● Work task
An exact repeat is needed of the lines from the one with "Le voci dentro" through the last line of the data below. Please omit the pictures.

Records excerpted from a collection:
/---
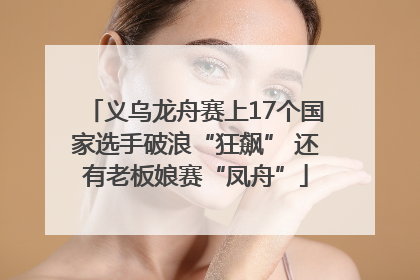 义乌龙舟赛上17个国家选手破浪“狂飙” 还有老板娘赛“凤舟”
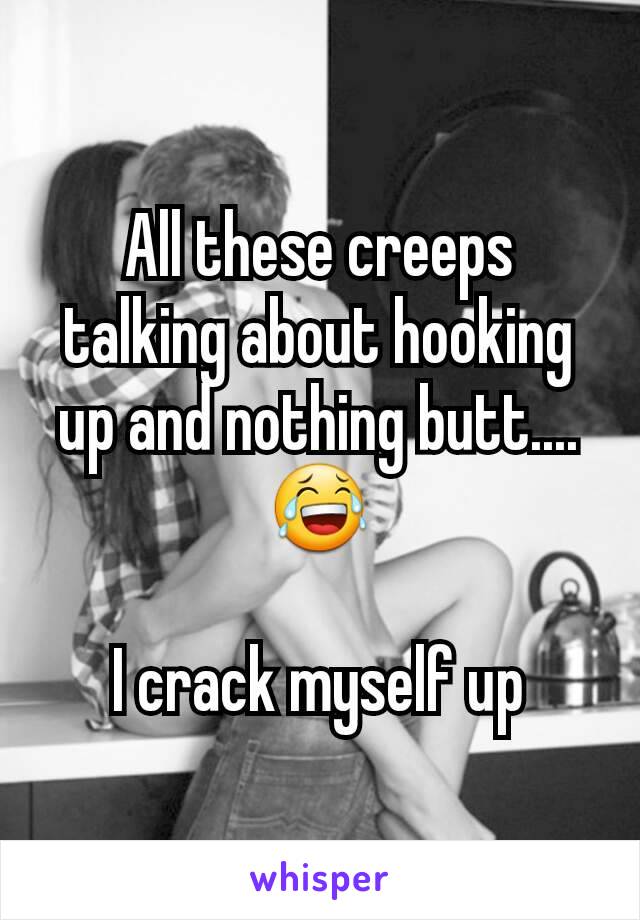 All these creeps talking about hooking up and nothing butt....😂

I crack myself up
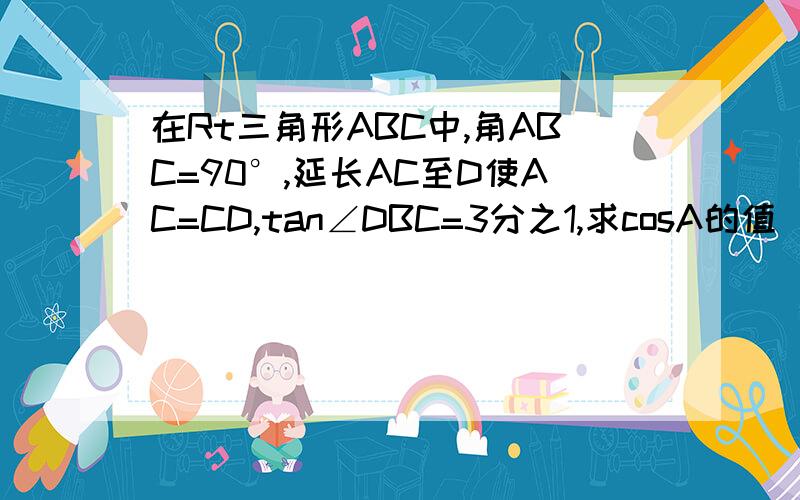 在Rt三角形ABC中,角ABC=90°,延长AC至D使AC=CD,tan∠DBC=3分之1,求cosA的值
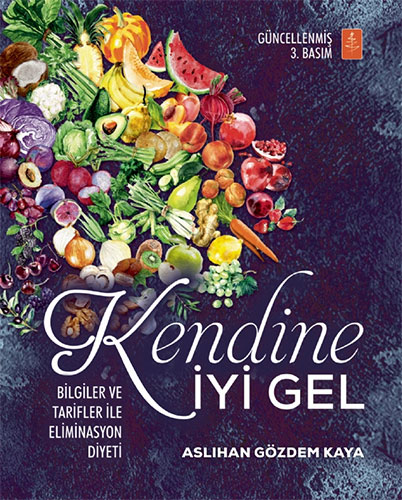 Kendine İyi Gel - Bilgiler ve Tarifler ile Eliminasyon Diyeti 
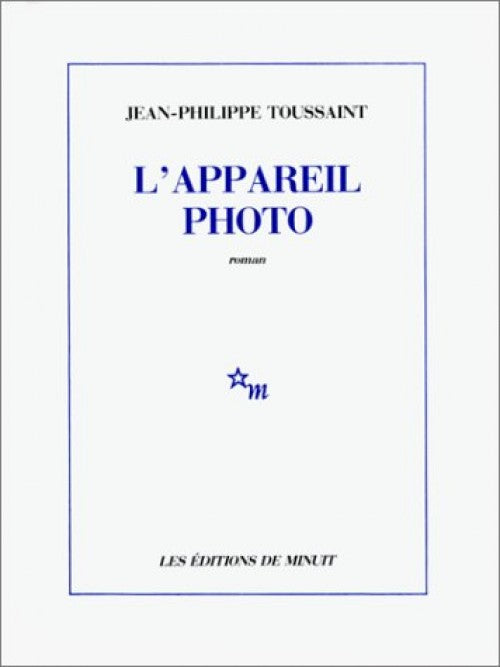 L'appareil photo - Jean-philippe Toussaint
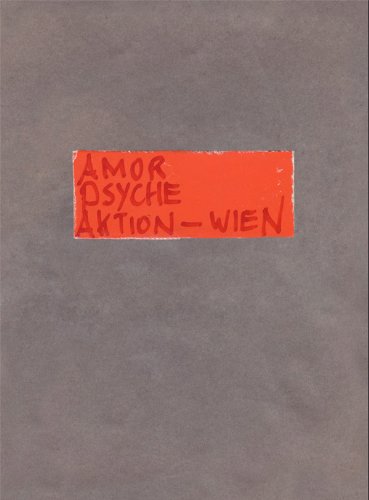 Book Cover Amor Psyche Aktion: Vienna: The Feminine in Viennese Actionism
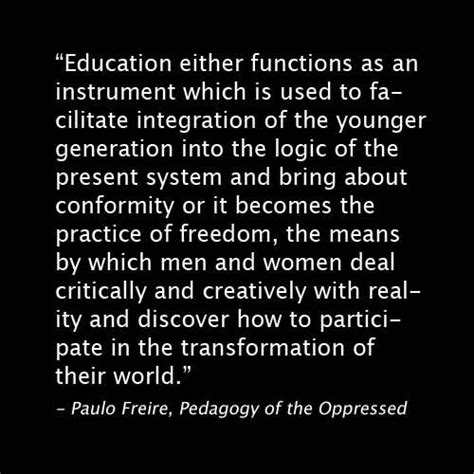 Paulo Freire Quotes (Author of Pedagogy of the Oppressed) | Paulo freire quotes, Teaching quotes ...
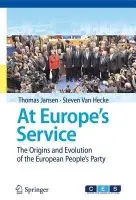At Europe's Service - Jansen, Thomas a Van Hecke, Steven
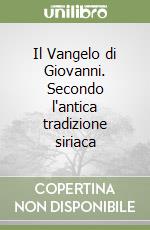 Il Vangelo di Giovanni. Secondo l'antica tradizione siriaca libro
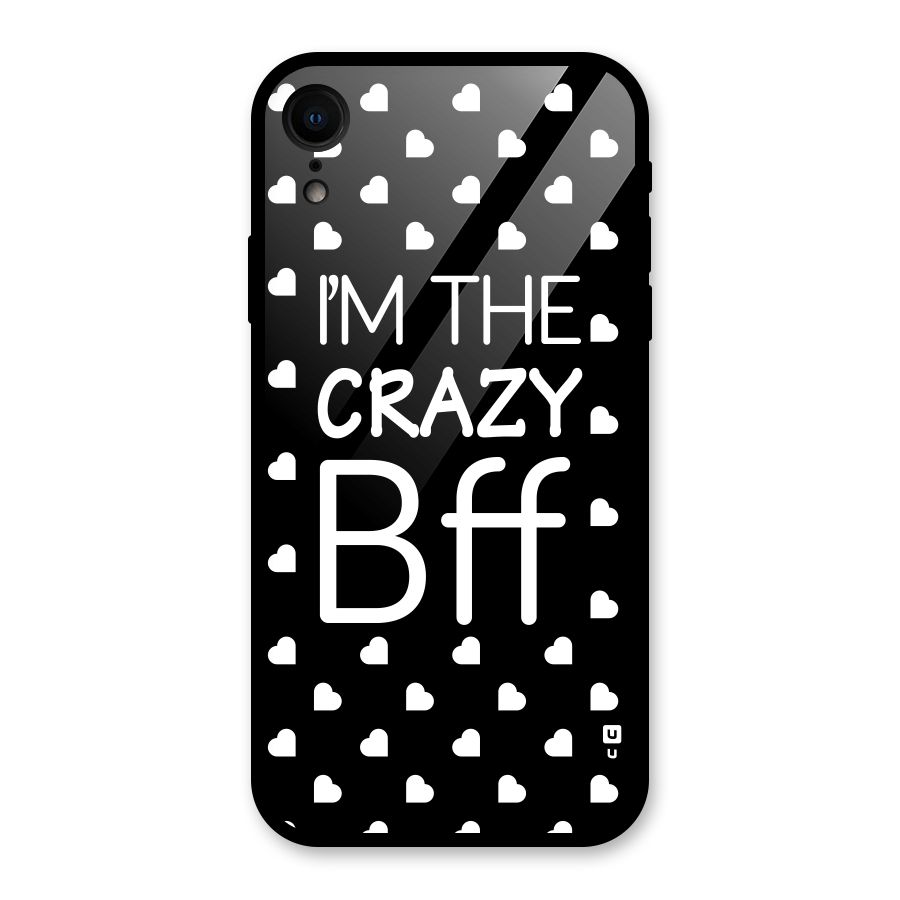 Crazy Bff Glass Back Case for iPhone XR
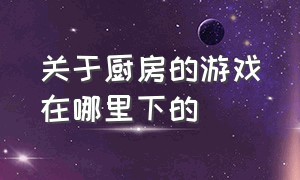 关于厨房的游戏在哪里下的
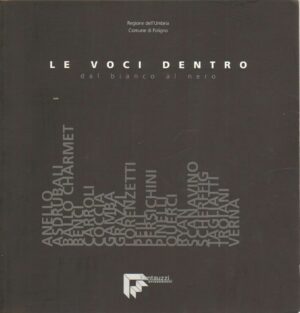 Le voci dentro dal bianco al nero ed. Fantauzzi Arredamenti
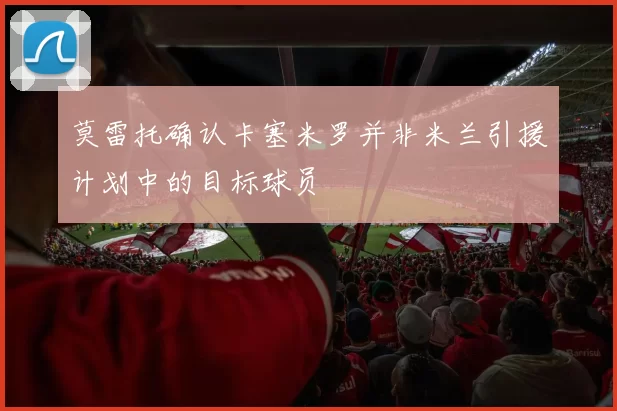 莫雷托确认卡塞米罗并非米兰引援计划中的目标球员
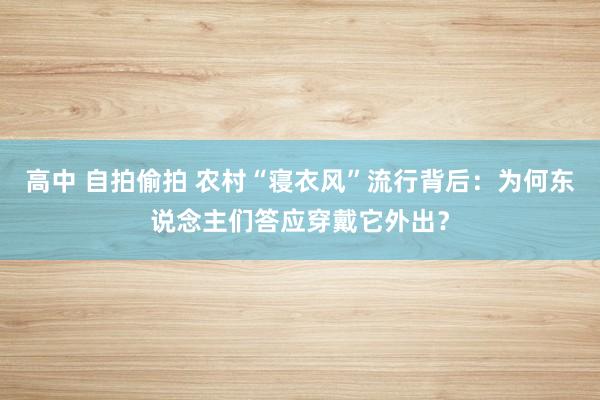 高中 自拍偷拍 农村“寝衣风”流行背后：为何东说念主们答应穿戴它外出？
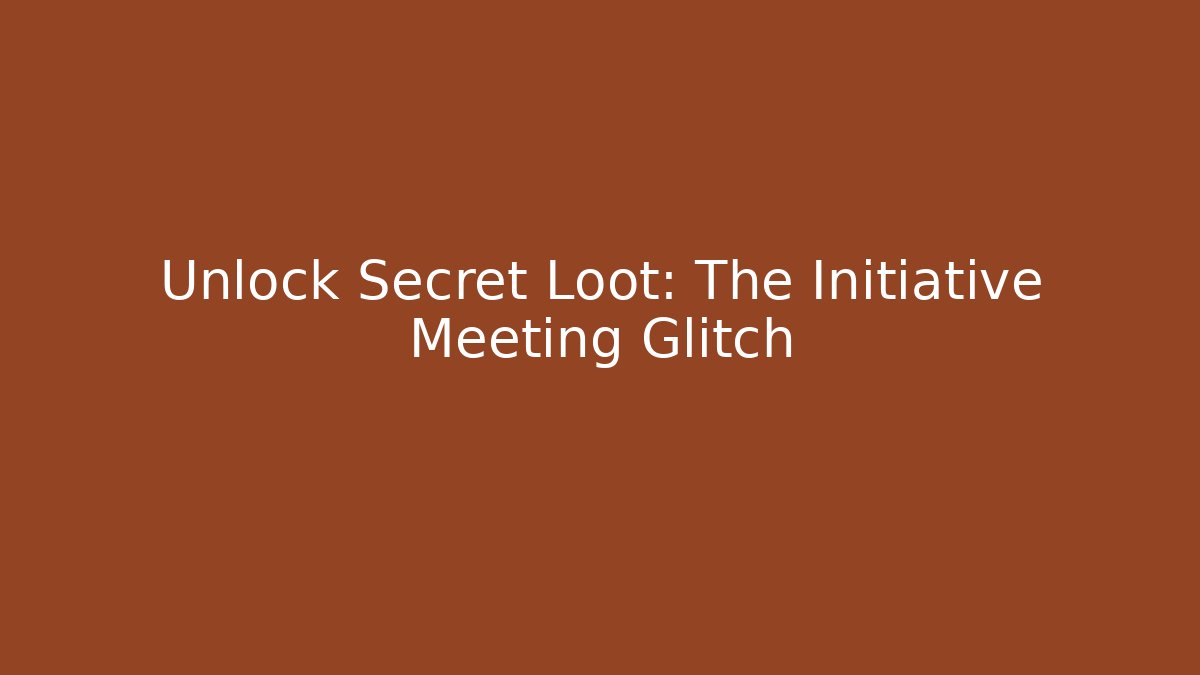 Unlock Secret Loot: The Initiative Meeting Glitch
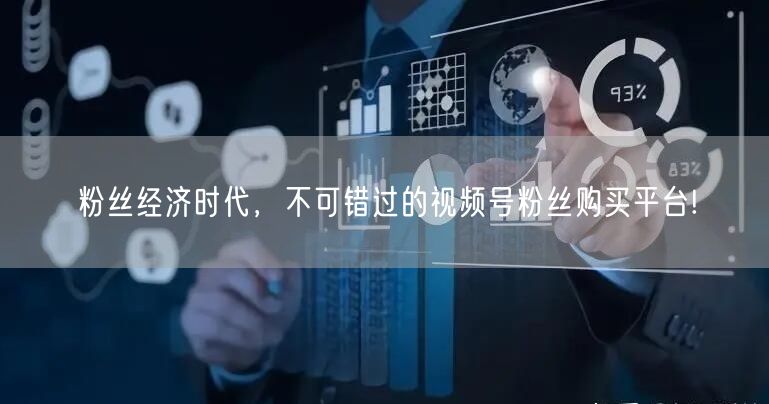粉丝经济时代，不可错过的视频号粉丝购买平台!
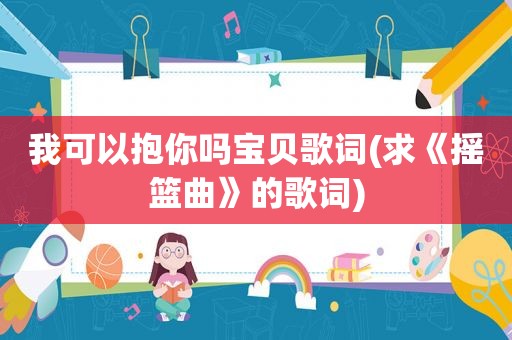 我可以抱你吗宝贝歌词(求《摇篮曲》的歌词)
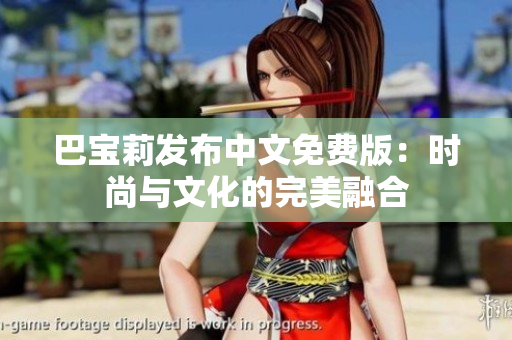巴宝莉发布中文免费版：时尚与文化的完美融合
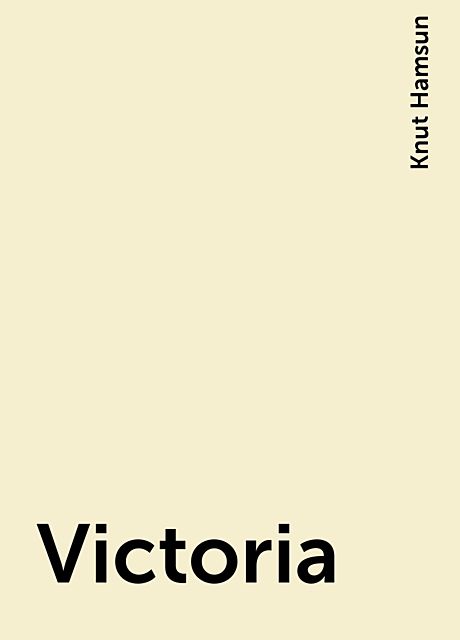 Victoria, Knut Hamsun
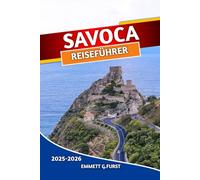SAVOCA REISEFÜHRER 2025 2026: Top-Attraktionen, lokale Kultur, Restaurants und versteckte Schätze für ein authentisches italienisches Erlebnis für Erstbesucher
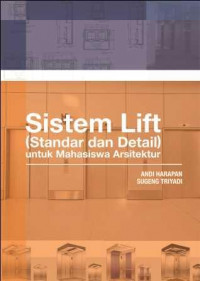 Sistem Lift Standar dan Detail Untuk Mahasiswa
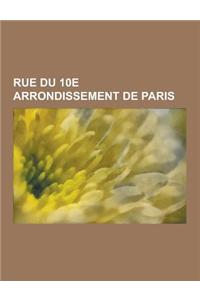 Rue Du 10e Arrondissement de Paris: Rue Du Faubourg-Saint-Denis, Rue de L'Echiquier, Rue Du Faubourg-Poissonniere, Rue de Paradis, Rue Rene-Boulanger,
\---
● Exercise solution
 Le voci dentro dal bianco al nero ed. Fantauzzi Arredamenti
 莫雷托确认卡塞米罗并非米兰引援计划中的目标球员
 高中 自拍偷拍 农村“寝衣风”流行背后：为何东说念主们答应穿戴它外出？
 Unlock Secret Loot: The Initiative Meeting Glitch
粉丝经济时代，不可错过的视频号粉丝购买平台!
 我可以抱你吗宝贝歌词(求《摇篮曲》的歌词)
巴宝莉发布中文免费版：时尚与文化的完美融合
 Victoria, Knut Hamsun
SAVOCA REISEFÜHRER 2025 2026: Top-Attraktionen, lokale Kultur, Restaurants und versteckte Schätze für ein authentisches italienisches Erlebnis für Erstbesucher
 Sistem Lift Standar dan Detail Untuk Mahasiswa
 Rue Du 10e Arrondissement de Paris: Rue Du Faubourg-Saint-Denis, Rue de L'Echiquier, Rue Du Faubourg-Poissonniere, Rue de Paradis, Rue Rene-Boulanger,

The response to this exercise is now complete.